Monitoring the Speciation of Aqueous Free Chlorine from pH 1 to 12 with Raman Spectroscopy to Determine the Identity of the Potent Low-pH Oxidant

Abstract

The speciation of aqueous free chlorine above pH 5 is a well-understood equilibrium of H₂O + HOCl ⇌ OCl⁻ + H₃O⁺ with a p K_a of 7.5. However, the identity of another very potent oxidant present at low pH (below 5) has been attributed by some researchers to Cl₂ (aq) and by others to H₂OCl⁺. We have conducted a series of experiments designed to ascertain which of these two species is correct.
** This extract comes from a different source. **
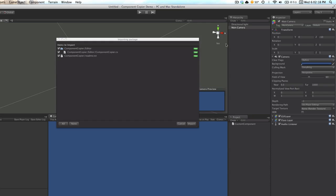Hello. In this video I'm going to show you how easy it is to copy and paste components with the Component Copier editor extension available in the Unity Asset Store.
First, using Raman spectroscopy, we found that an equilibrium of H₂O + H₂OCl⁺ ⇌ HOCl + H₃O⁺ is unlikely because the “apparent p K_a” increases monotonically from 1.25 to 2.11 as the analytical concentration is increased from 6.6 to 26.2 mM. Second, we found that significantly reducing the chloride ion concentration changed the Raman spectrum and also dramatically reduced the oxidation potency of the low-pH solution (as compared to solutions at the same pH that contained equimolar concentrations of Cl⁻ and HOCl). The chloride ion concentration was not expected to impact an equilibrium of H₂O + H₂OCl⁺ ⇌ HOCl + H₃O⁺, if it existed. These observations supported the following equilibrium as pH is decreased: Cl₂ (aq) + 2H₂O ⇌ HOCl + Cl⁻ + H₃O⁺. The concentration-based equilibrium constant was estimated to be approximately 2.56 × 10⁻⁴ M² in solutions whose ionic strengths were ∼0.01 M. The oxidative potency of the species in low pH solutions was investigated by monitoring the oxidation of secondary alcohols to ketones. These and other results reported here argue strongly that Cl₂ (aq) is the correct form of the potent low-pH oxidant in aqueous free-chlorine solutions.